Emmert-Streib Frank, Manjang Kalifa, Dehmer Matthias, Yli-Harja Olli, Auvinen Anssi
Predictive Society and Data Analytics Lab, Faculty of Information Technology and Communication Sciences, Tampere University, 33720 Tampere, Finland.
Department of Computer Science, Swiss Distance University of Applied Sciences, 3900 Brig, Switzerland.
Cancers (Basel). 2021 Oct 12;13(20):5087. doi: 10.3390/cancers13205087.
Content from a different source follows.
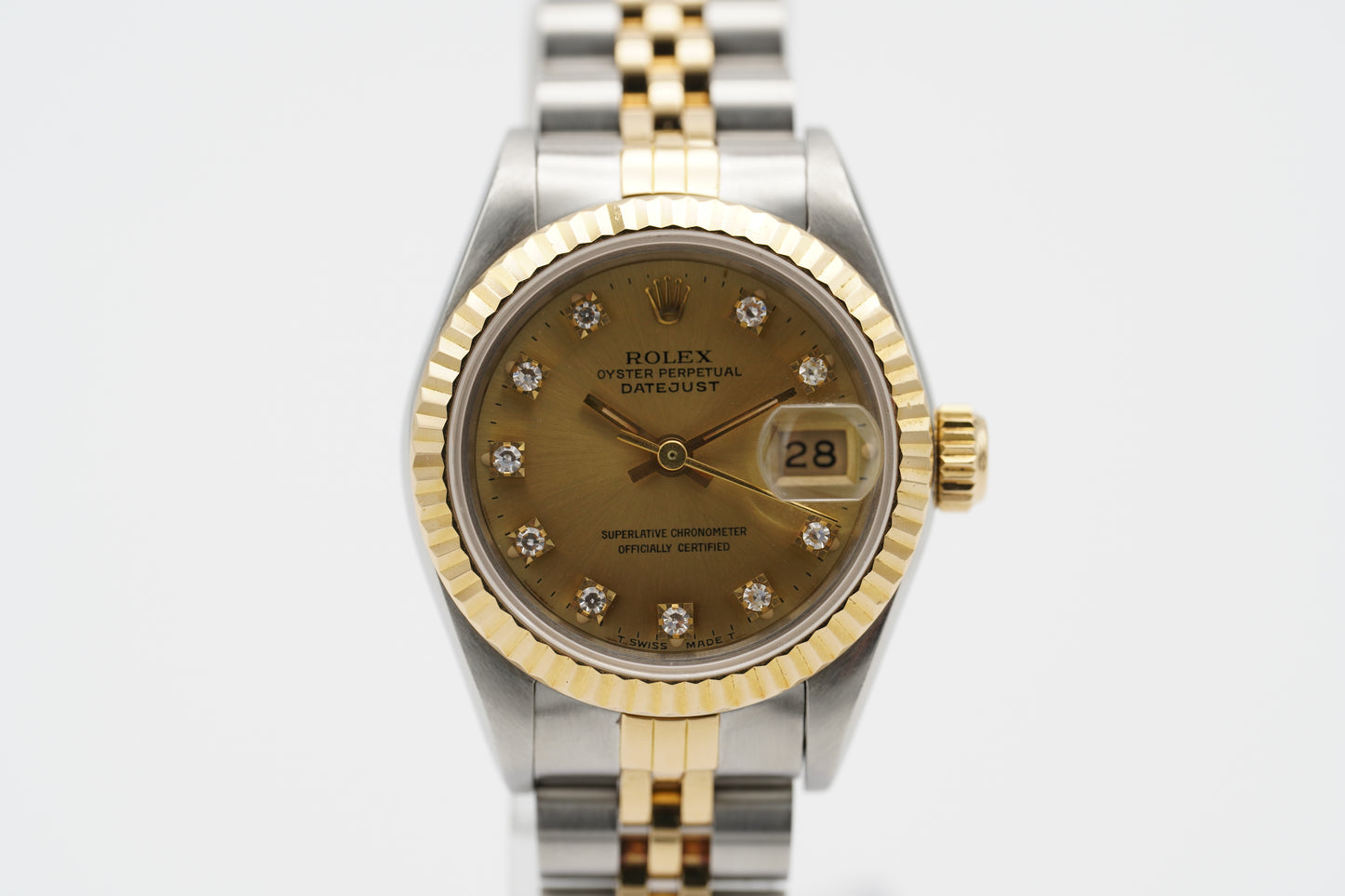 Rolex Lady-Datejust 26 Bicolor 69173G Diamantblatt 1996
Prognostic biomarkers can have an important role in the clinical practice because they allow stratification of patients in terms of predicting the outcome of a disorder. Obstacles for developing such markers include lack of robustness when using different data sets and limited concordance among similar signatures. In this paper, we highlight a new problem that relates to the biological meaning of already established prognostic gene expression signatures. Specifically, it is commonly assumed that prognostic markers provide sensible biological information and molecular explanations about the underlying disorder. However, recent studies on prognostic biomarkers investigating 80 established signatures of breast and prostate cancer demonstrated that this is not the case. We will show that this surprising result is related to the distinction between causal models and predictive models and the obfuscating usage of these models in the biomedical literature. Furthermore, we suggest a falsification procedure for studies aiming to establish a prognostic signature to safeguard against false expectations with respect to biological utility.
预后生物标志物在临床实践中可发挥重要作用,因为它们能够根据预测疾病的转归对患者进行分层。开发此类标志物面临的障碍包括使用不同数据集时缺乏稳健性以及相似特征之间的一致性有限。在本文中,我们强调了一个与已确立的预后基因表达特征的生物学意义相关的新问题。具体而言,通常认为预后标志物能提供关于潜在疾病的合理生物学信息和分子解释。然而,最近对乳腺癌和前列腺癌80个已确立特征的预后生物标志物研究表明情况并非如此。我们将表明这一惊人结果与因果模型和预测模型之间的区别以及这些模型在生物医学文献中的混淆使用有关。此外,我们为旨在确立预后特征的研究提出了一种证伪程序,以防止对生物学效用产生不切实际的期望。